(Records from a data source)
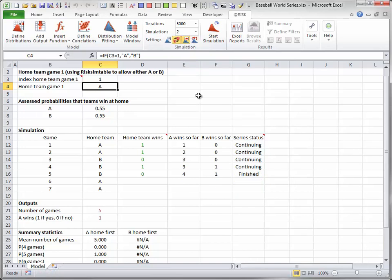The simulation itself is a little tricky because the Excel formulas have to capture two types of logic. First, they have to indicate which team is the home team in each game, and second, they have to indicate when the series is over.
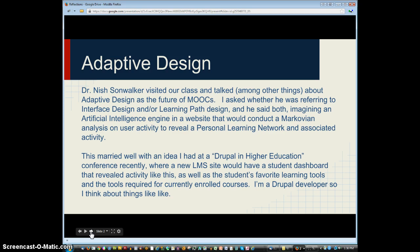I've been a Drupal developer since 2005, and this matched an idea I'd recently shared at a conference about developing new learning management systems like Blackboard with a user dashboard page when you first log in. Blackboard is getting to that with the panel on the right-hand side, but it's not very well executed yet. The idea was that a user dashboard page would reveal these kinds of things and also reveal the tools you were using based on the courses you're signed up for. That's two levels of adaptivity: adapting to your personal learning network, and adapting to the courses you're taking.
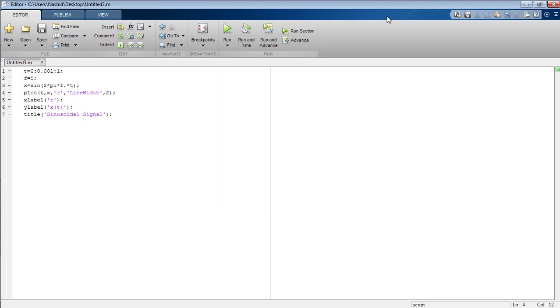That's all from the tutorial on how to change the properties of the signal generated in MATLAB using the editor. Take care, bye bye.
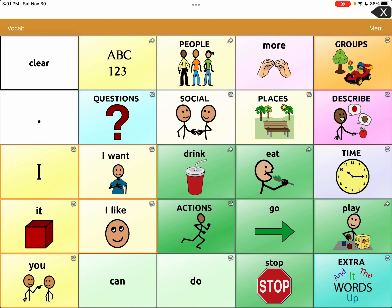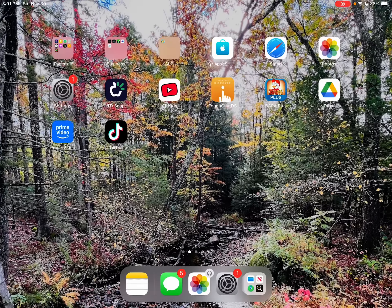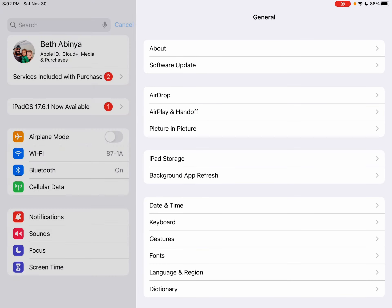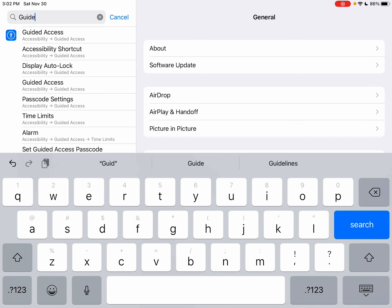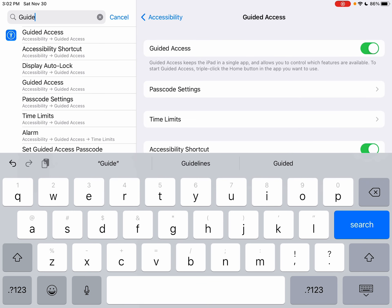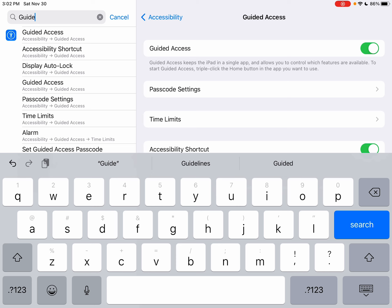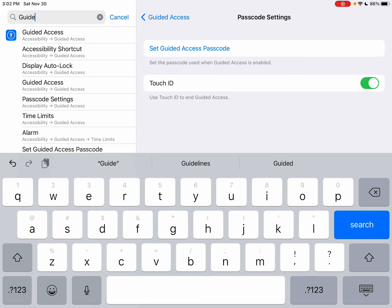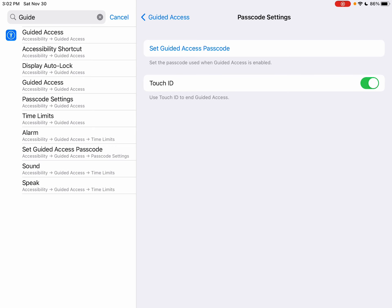In case anyone doesn't know how to use guided access, I'll hit the home button and go to Settings. I searched for 'guided' in the search bar and it came right up at the top. Click on that, then go to Passcode Settings and hit 'Set Guided Access Passcode.' I'll enter one — just make sure it's one you're going to remember.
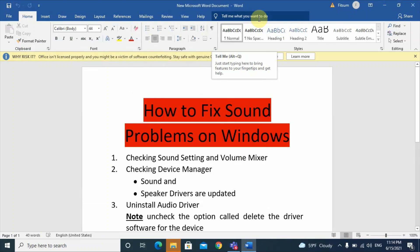These are the three basic steps to fix sound problems on your computer. If this video was helpful, please give it a like, subscribe to my channel, and leave comments. If I did anything wrong or if you have suggestions for future videos, let me know in the comments. Thank you — Chad Tech is out.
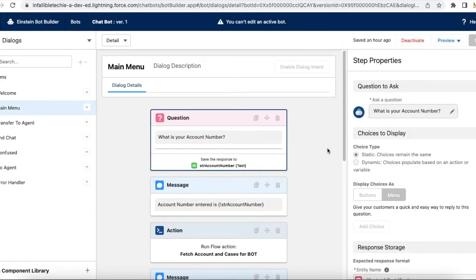Hello everyone. In this video we are going to see how to display object variable values and a list of objects in Salesforce Einstein bot. There are many requirements where we may have to display an object's field value or iterate a list of object records and give a selection option to users from the Einstein bot.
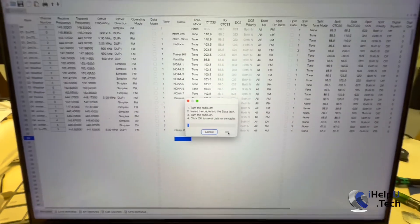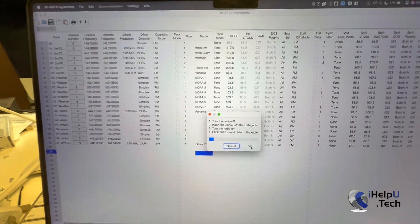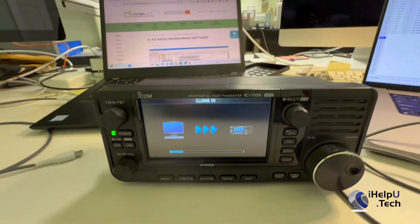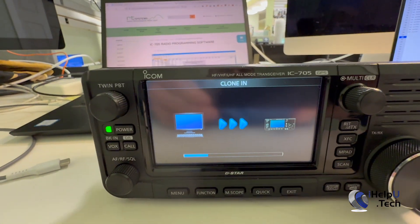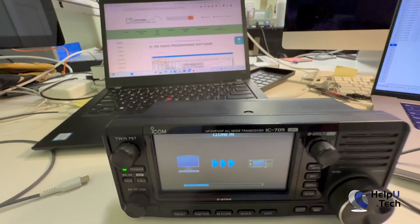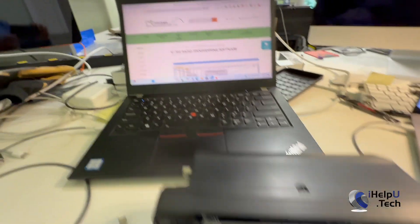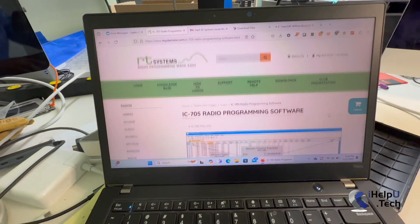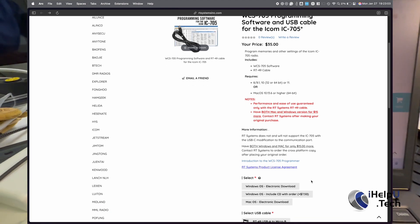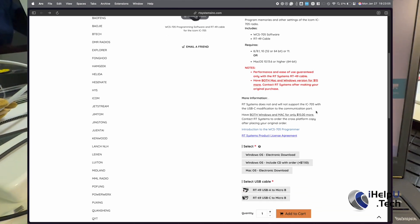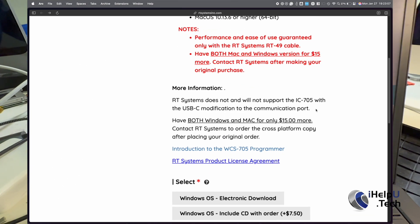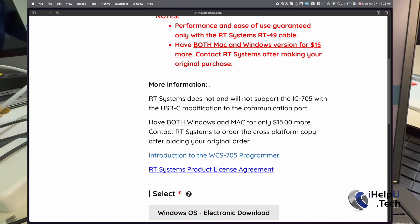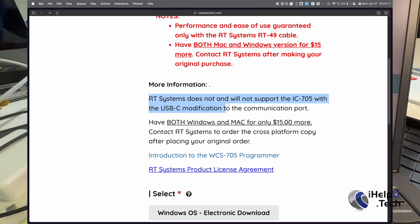And now the radio is going to, or the computer is going to talk to the radio. It's going to clone that channel in. But the reason I wanted to make this video, RT Systems has on their site here, that they do not support USB-C upgrades on their software here.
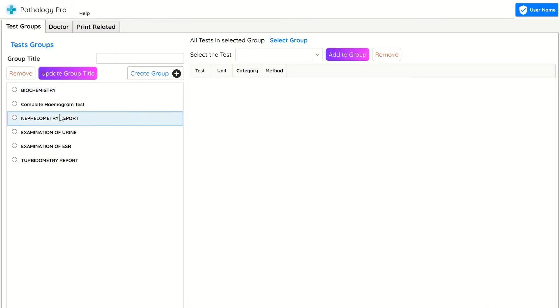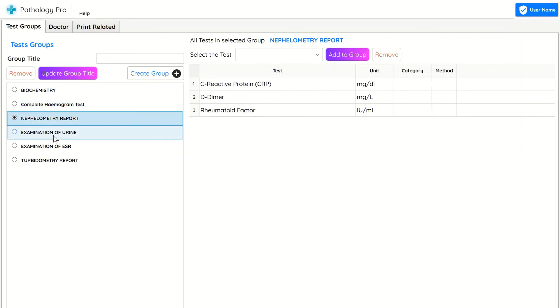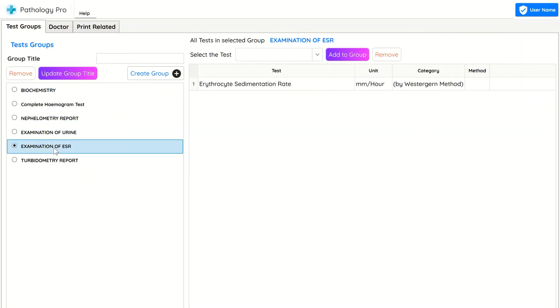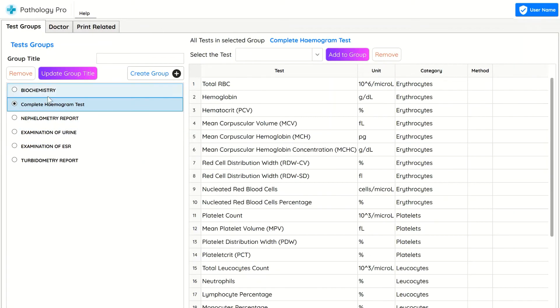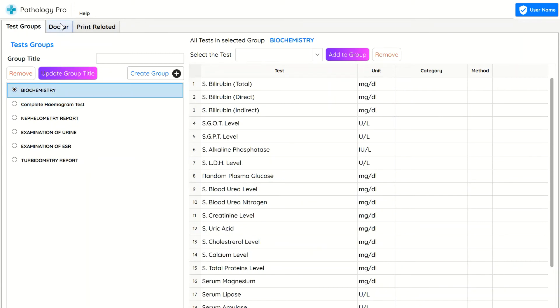In Test group window, you can group multiple tests which will save your time while adding the tests while creating reports.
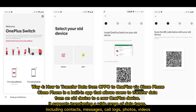Way 4: How to Transfer Data from OPPO to OnePlus via ClonePhone. ClonePhone is a built-in app that allows users to transfer data from an old device to a new OnePlus device. It supports transferring a wide range of data types, including contacts, messages, call logs, photos, and videos.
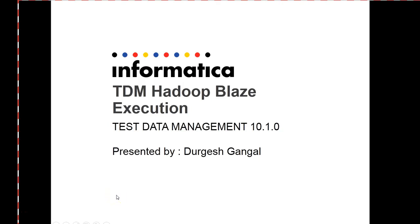Hi everyone, this is Durgesh, Senior Technical Support Engineer in Informatica. Today I'm going to explain how to run TDM jobs on Hadoop ecosystem using Blaze Engine.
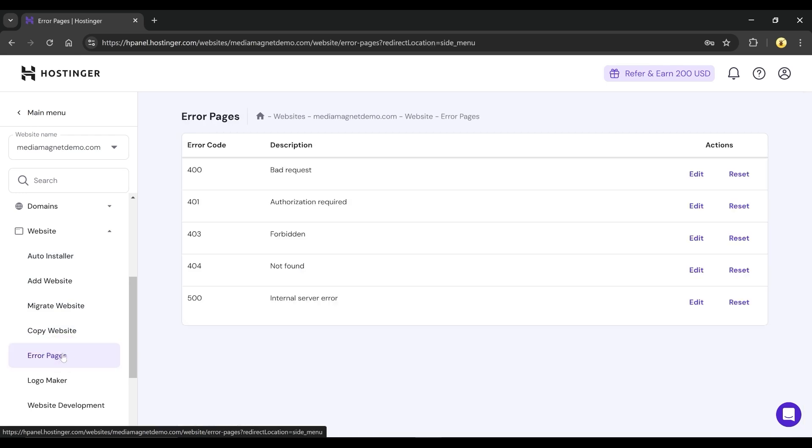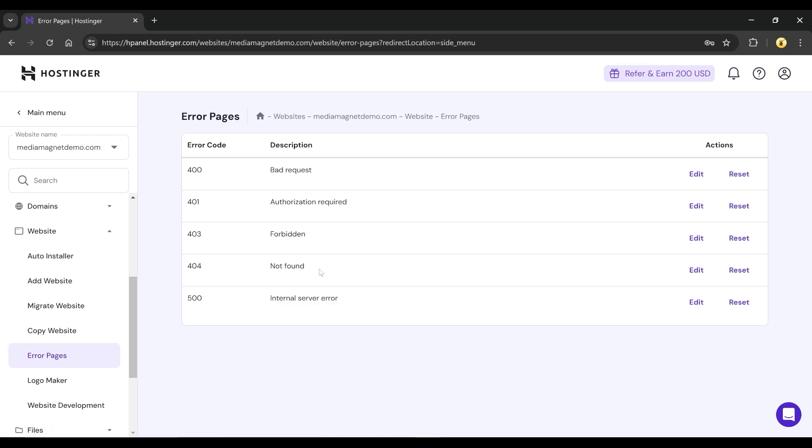Here, you'll see a list of error codes like 404, 401, 403, etc. The 404 error code means page not found and can cause issues with loading your site.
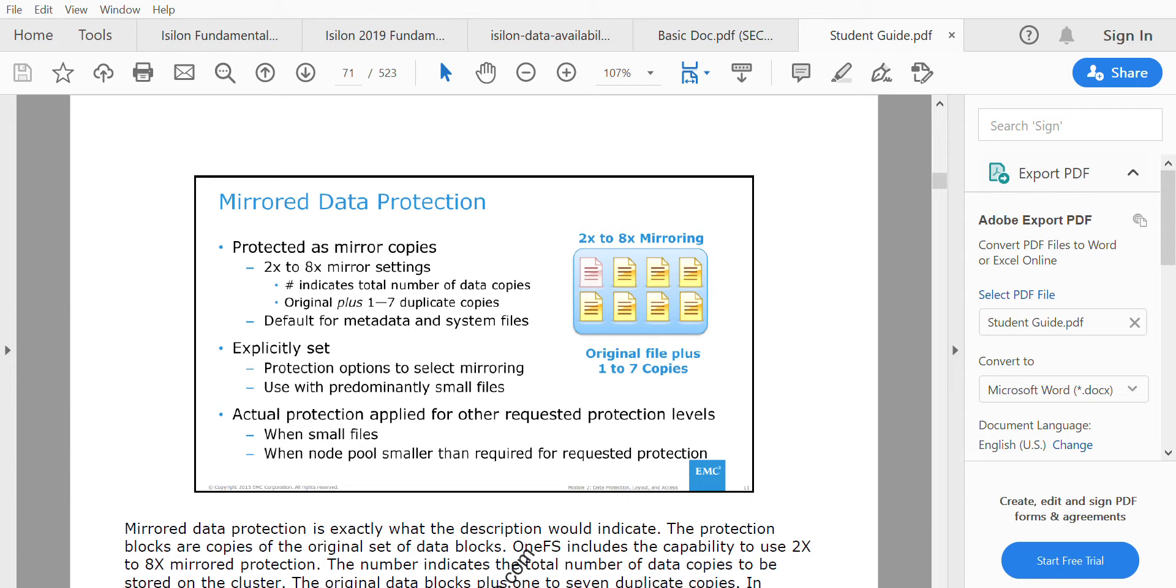Mirroring happens explicitly when the protection option is set to mirroring, or automatically when the data file is less than 128 KB. When a file is less than a stripe unit, Isilon automatically applies mirroring data protection.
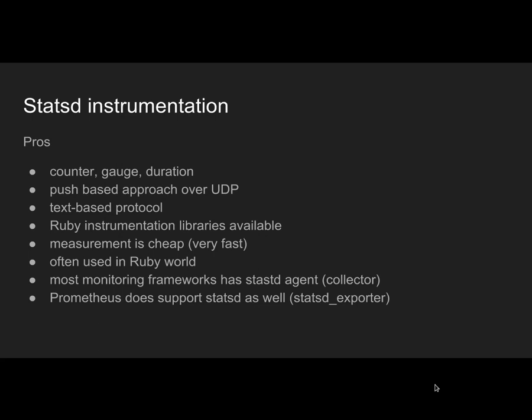There are many Ruby instrumentation libraries available because it's very easy to implement. You can implement your own library in just a couple of pages. What's great about this is measurement is very cheap, it's just a UDP send, much cheaper compared to Prometheus or any other solutions. It's very popular in the Ruby world because when a Ruby application is getting slower and slower, your HTTP endpoint for gathering measurements might not be available for some time, and you'll end up with a silent window anyway.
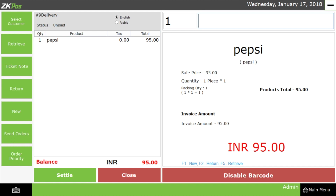Now let us see Send Orders and Order Priority. For example, some supermarkets may have a kitchen facility. Suppose a customer needs to order a baked cake — the cake can be delivered through the kitchen by giving a print order from the POS machine with the help of the Send Orders and Order Priority options. This option was also discussed in our restaurant version of the POS machine.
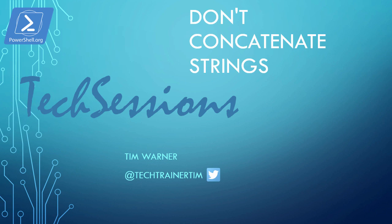Hi there and welcome to this PowerShell.org tech session entitled Don't Concatenate Strings. My name is Tim Warner and I'm happy to be your instructor.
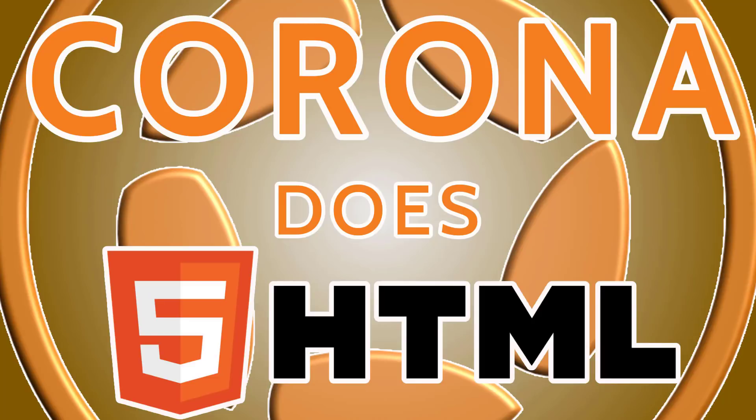Hello everybody, it's Mike here at Game from Scratch. Today I have the joy of announcing that the Corona game engine now supports HTML5 targets.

#### [Work task]
The entries above are to be copied exactly, with every picture left out.

#### [Answer for this exercise]
The simulation itself is a little tricky because the Excel formulas have to capture two types of logic. First, they have to indicate which team is the home team in each game, and second, they have to indicate when the series is over.
I've been a Drupal developer since 2005, and this matched an idea I'd recently shared at a conference about developing new learning management systems like Blackboard with a user dashboard page when you first log in. Blackboard is getting to that with the panel on the right-hand side, but it's not very well executed yet. The idea was that a user dashboard page would reveal these kinds of things and also reveal the tools you were using based on the courses you're signed up for. That's two levels of adaptivity: adapting to your personal learning network, and adapting to the courses you're taking.
That's all from the tutorial on how to change the properties of the signal generated in MATLAB using the editor. Take care, bye bye.
In case anyone doesn't know how to use guided access, I'll hit the home button and go to Settings. I searched for 'guided' in the search bar and it came right up at the top. Click on that, then go to Passcode Settings and hit 'Set Guided Access Passcode.' I'll enter one — just make sure it's one you're going to remember.
These are the three basic steps to fix sound problems on your computer. If this video was helpful, please give it a like, subscribe to my channel, and leave comments. If I did anything wrong or if you have suggestions for future videos, let me know in the comments. Thank you — Chad Tech is out.
Hello everyone. In this video we are going to see how to display object variable values and a list of objects in Salesforce Einstein bot. There are many requirements where we may have to display an object's field value or iterate a list of object records and give a selection option to users from the Einstein bot.
And now the radio is going to, or the computer is going to talk to the radio. It's going to clone that channel in. But the reason I wanted to make this video, RT Systems has on their site here, that they do not support USB-C upgrades on their software here.
In Test group window, you can group multiple tests which will save your time while adding the tests while creating reports.
Way 4: How to Transfer Data from OPPO to OnePlus via ClonePhone. ClonePhone is a built-in app that allows users to transfer data from an old device to a new OnePlus device. It supports transferring a wide range of data types, including contacts, messages, call logs, photos, and videos.
Hi everyone, this is Durgesh, Senior Technical Support Engineer in Informatica. Today I'm going to explain how to run TDM jobs on Hadoop ecosystem using Blaze Engine.
Here, you'll see a list of error codes like 404, 401, 403, etc. The 404 error code means page not found and can cause issues with loading your site.
Mirroring happens explicitly when the protection option is set to mirroring, or automatically when the data file is less than 128 KB. When a file is less than a stripe unit, Isilon automatically applies mirroring data protection.
There are many Ruby instrumentation libraries available because it's very easy to implement. You can implement your own library in just a couple of pages. What's great about this is measurement is very cheap, it's just a UDP send, much cheaper compared to Prometheus or any other solutions. It's very popular in the Ruby world because when a Ruby application is getting slower and slower, your HTTP endpoint for gathering measurements might not be available for some time, and you'll end up with a silent window anyway.
Now let us see Send Orders and Order Priority. For example, some supermarkets may have a kitchen facility. Suppose a customer needs to order a baked cake — the cake can be delivered through the kitchen by giving a print order from the POS machine with the help of the Send Orders and Order Priority options. This option was also discussed in our restaurant version of the POS machine.
Hi there and welcome to this PowerShell.org tech session entitled Don't Concatenate Strings. My name is Tim Warner and I'm happy to be your instructor.
Hello everybody, it's Mike here at Game from Scratch. Today I have the joy of announcing that the Corona game engine now supports HTML5 targets.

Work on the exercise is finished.